To the best of my knowledge, the Becker retro radios are not available with navigation maps for the United States. And they look modern. But they are very nice.
If it were my car I would
1) verify that they dash was not cut. If you look at the technical manual you find the size of the opening for the big-face (your car) and small-face (early cars) Beckers. If you have that size opening then your Becker options are good.
2) What is the speaker situation in your car, and is that going to change? This matters because the early radios are really designed for quite low wattage speakers so if you are planning on using something big, or if there is already big holes in the car for speakers, that's a consideration.
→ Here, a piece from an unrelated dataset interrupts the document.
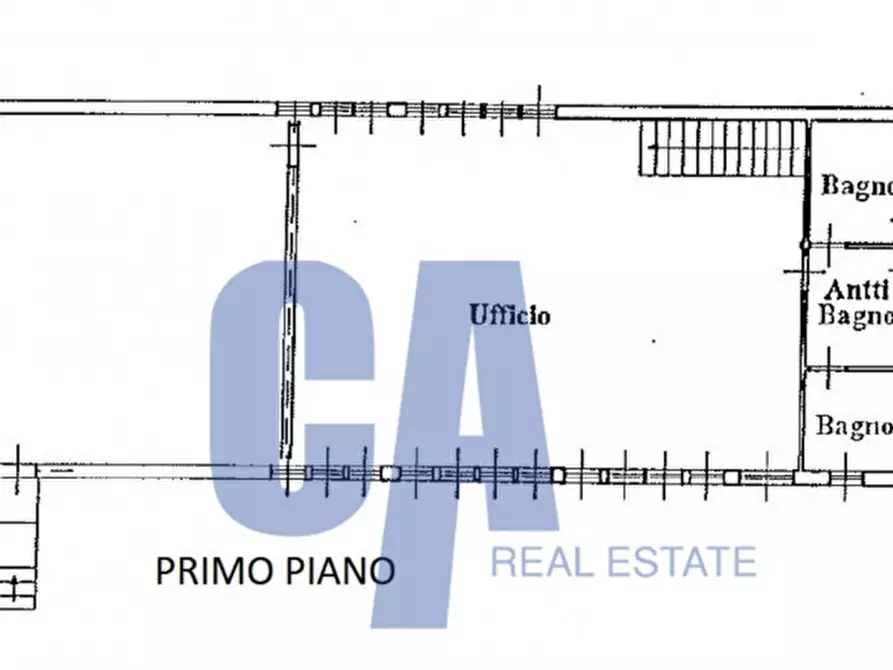Immagine 17 di Capannone industriale in affitto  in VIA BISCEGLIE a Milano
3) Based on the above, and assuming the dash isn't cut, I would install either a Becker mono or Becker stereo radio with one of the corded MP3 input cables. IF you are going to be driving larger speakers, then I would go with a Becker radio designed for a separate amp and use a more modern amp with an adapter cable that is available on eBay.
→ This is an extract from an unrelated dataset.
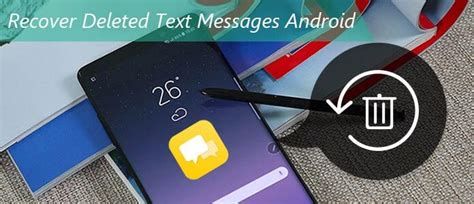 Toradh íomhá ar Recover Deleted Text Messages Android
4) How you use a radio is really important. What do you want it to do? Will you actually be listening to it? if so, to what? FM or streaming MP3? Would you actually want to be able to play a cassette?
For _ME_ my favorite Becker radios are the ones that have separate amps and have preset buttons. So that means no Mexico because the Mexico doesn't have presets. The Grand Prix is a very nice radio, but if you aren't going to use the search function for tuning (because perhaps you don't listen to the radio and just want to stream) then it's a waste of money and added complexity. A Europa II stereo is a perfectly acceptable radio that is fairly simple and reliable. (no separate amp with the Europa II stereo). One gotcha on using a stereo Mexico - for reasons that are unclear to me I _think_ the aux input for a Mexico stereo is a mono input. I could be wrong about this but that's what I recall reading.